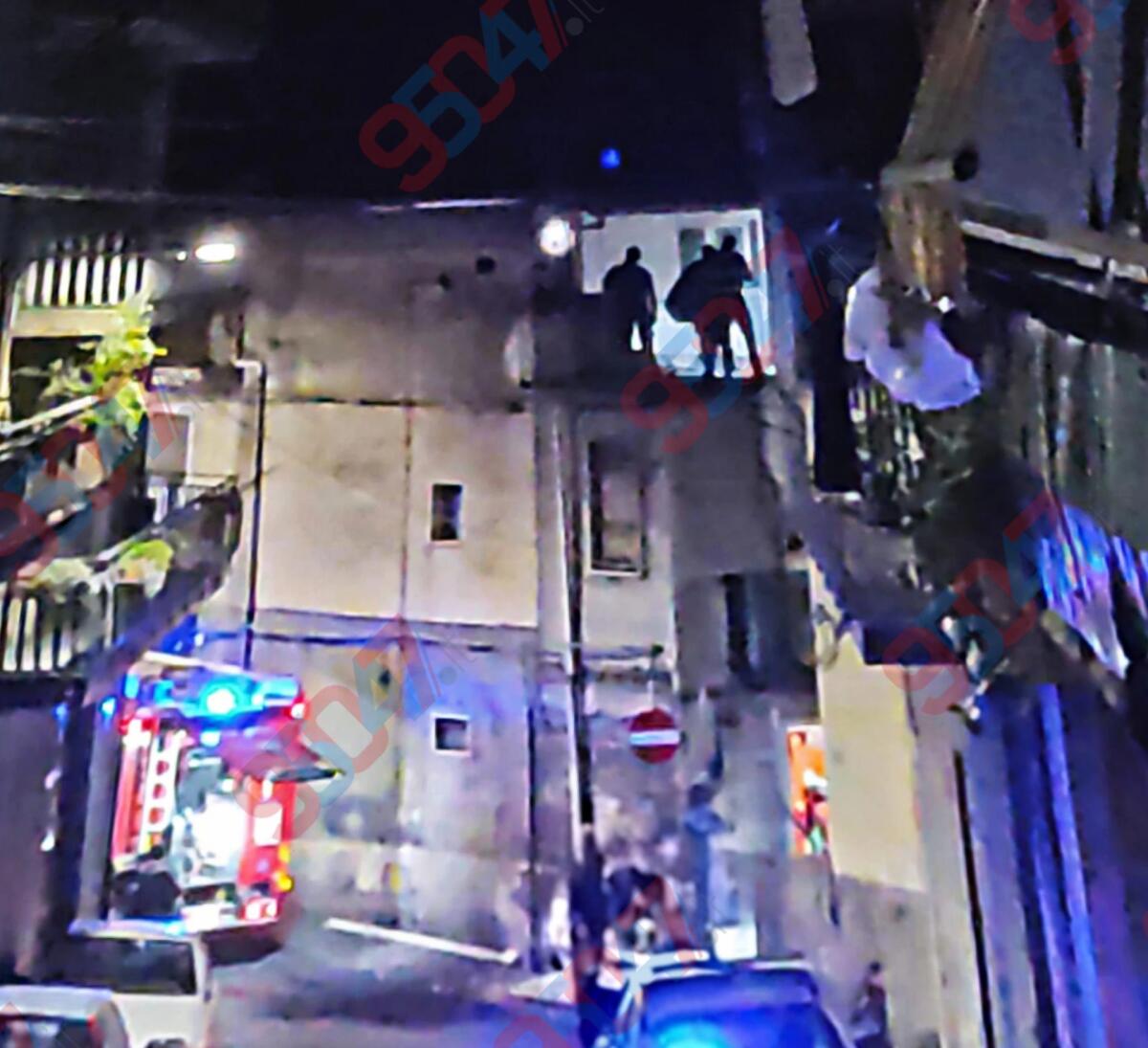 Ieri sera allarme in via Terni a Paternò: Vigili del Fuoco rimuovono un grosso nido di vespe - 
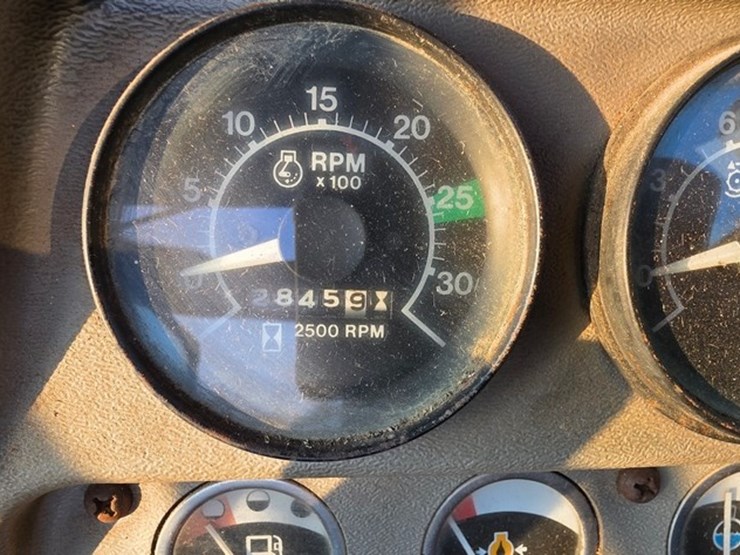 john-deere-4420-image-56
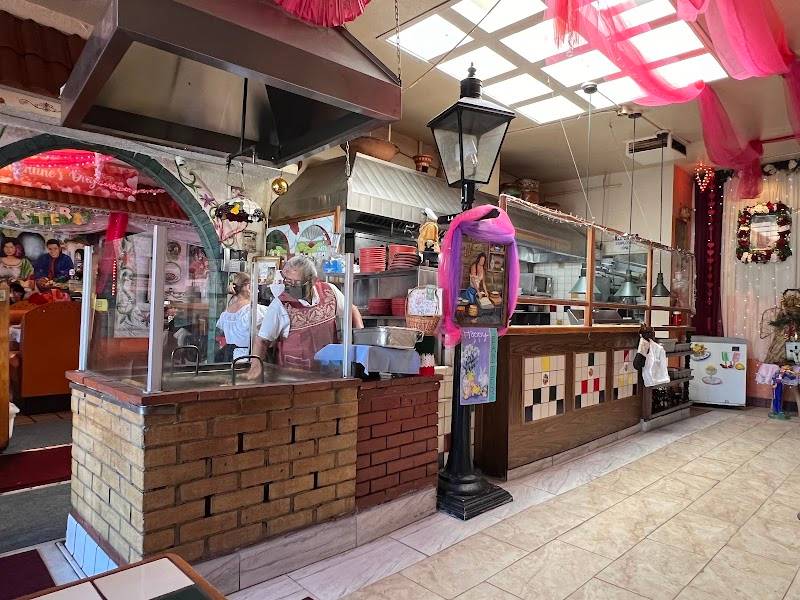 La Parrilla Restaurant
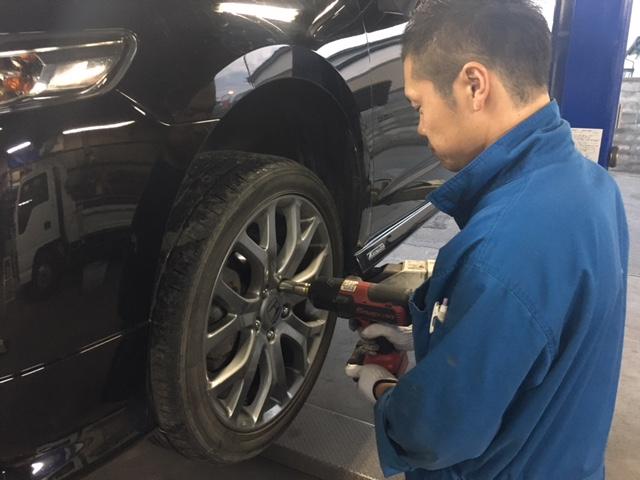 タイヤの交換もお任せください！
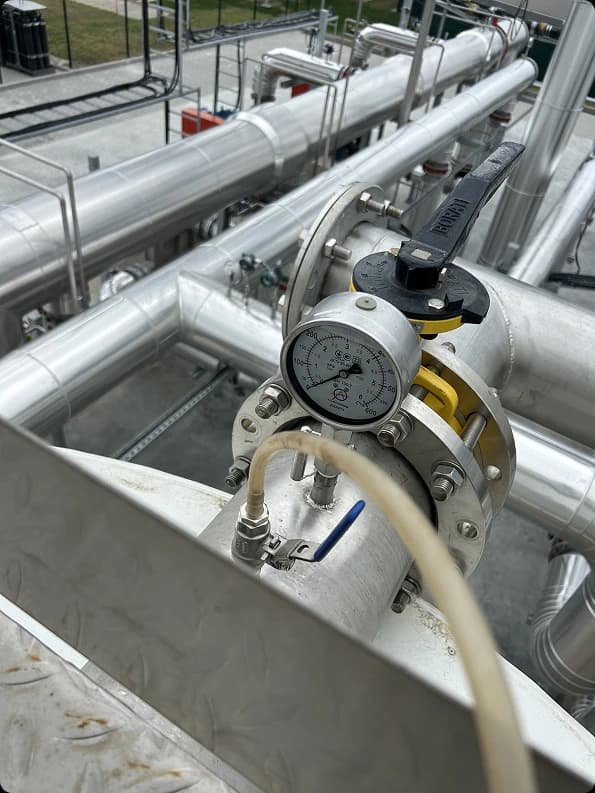 Industrial CO₂ distribution systems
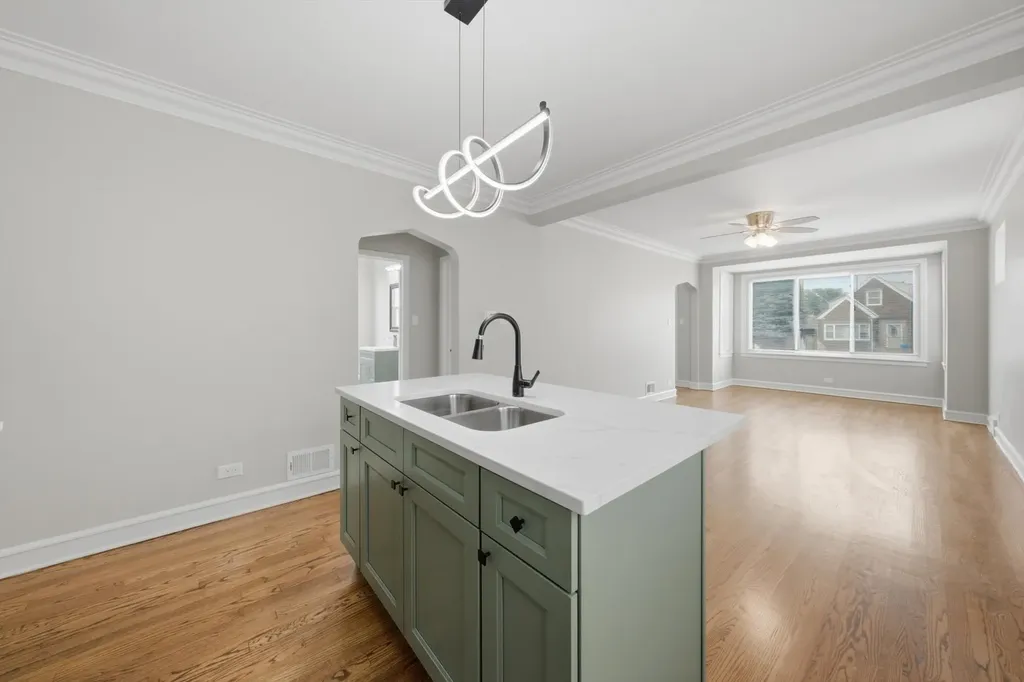 8004 South Richmond Street Chicago IL 60652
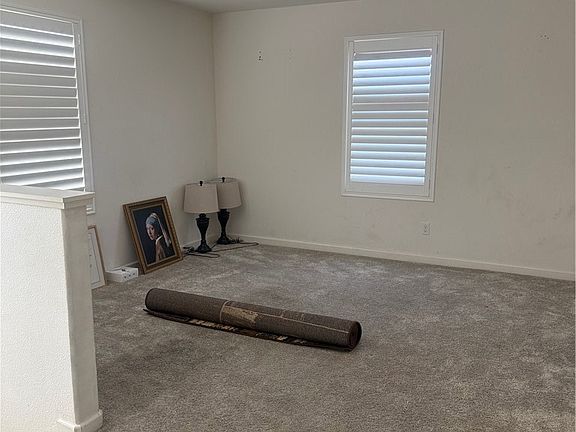 5th image of 467 N Pinewood Ave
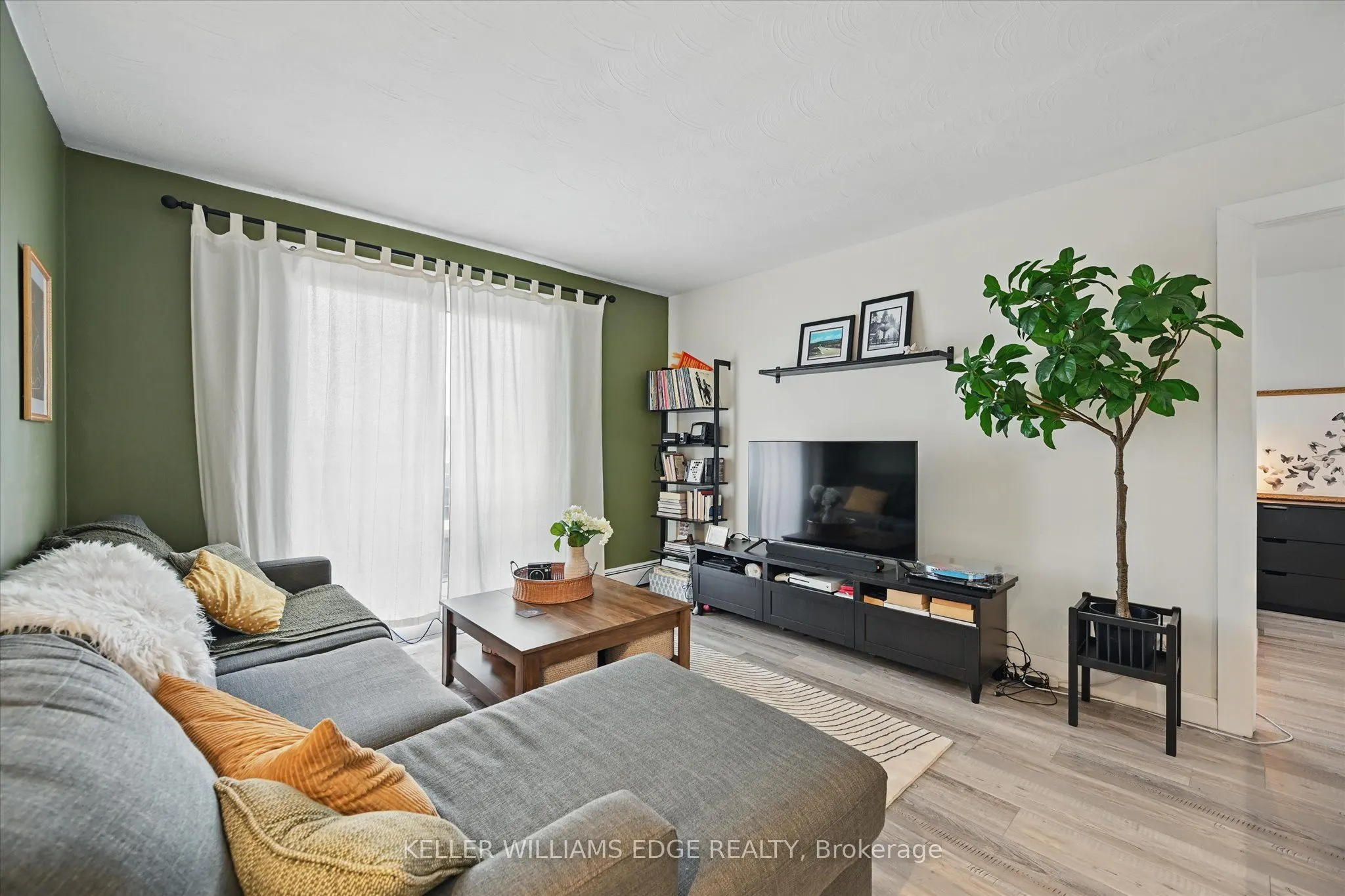 2373 King Street E, #43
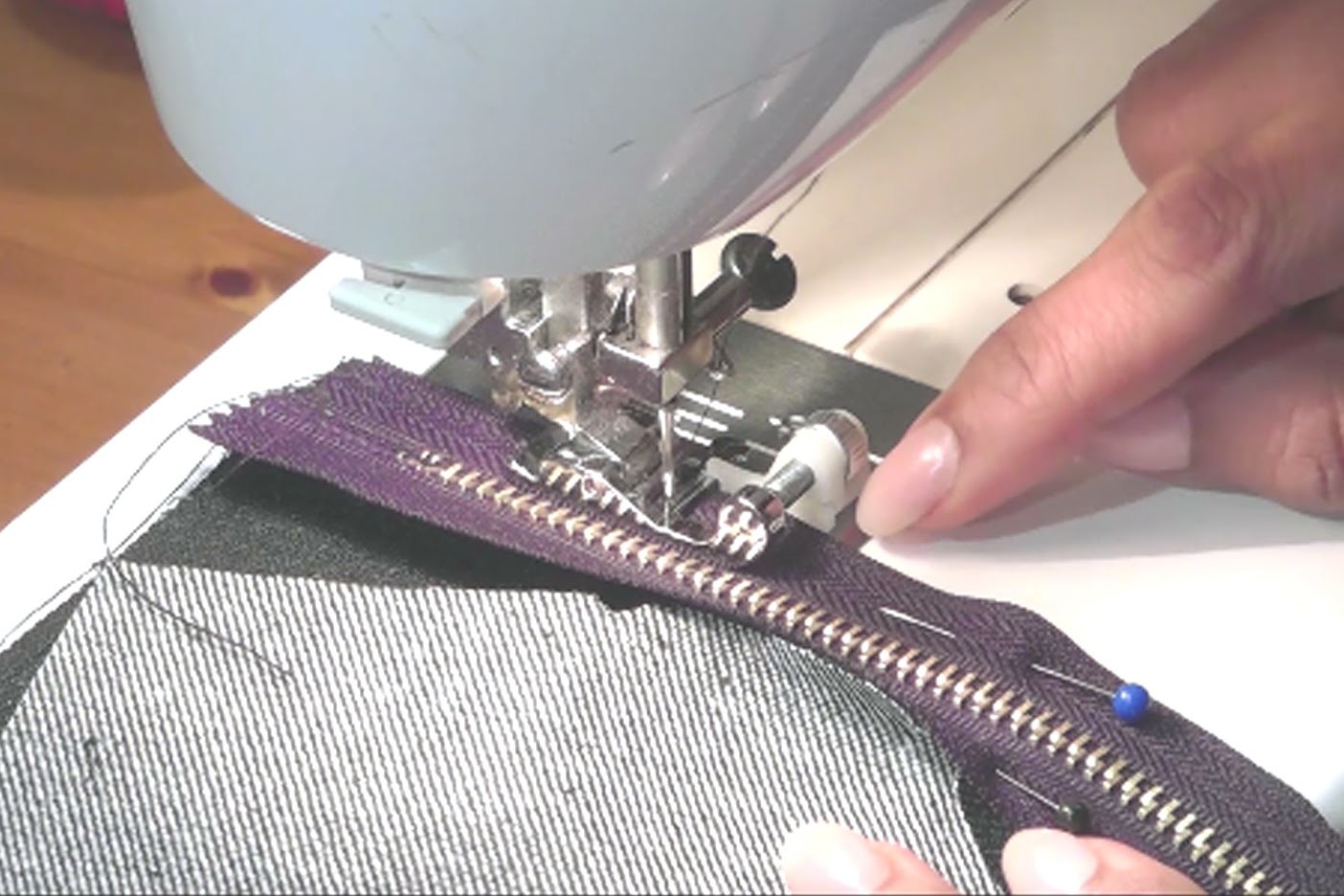 Cut n Sew Zipper, how to sew zipper to the lining of the bag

======

Output the listing above exactly, excluding all pictures.

ANSWER TO THE PROBLEM —
 Ieri sera allarme in via Terni a Paternò: Vigili del Fuoco rimuovono un grosso nido di vespe - 
 john-deere-4420-image-56
 La Parrilla Restaurant
 タイヤの交換もお任せください！
 Industrial CO₂ distribution systems
 8004 South Richmond Street Chicago IL 60652
 5th image of 467 N Pinewood Ave
 2373 King Street E, #43
 Cut n Sew Zipper, how to sew zipper to the lining of the bag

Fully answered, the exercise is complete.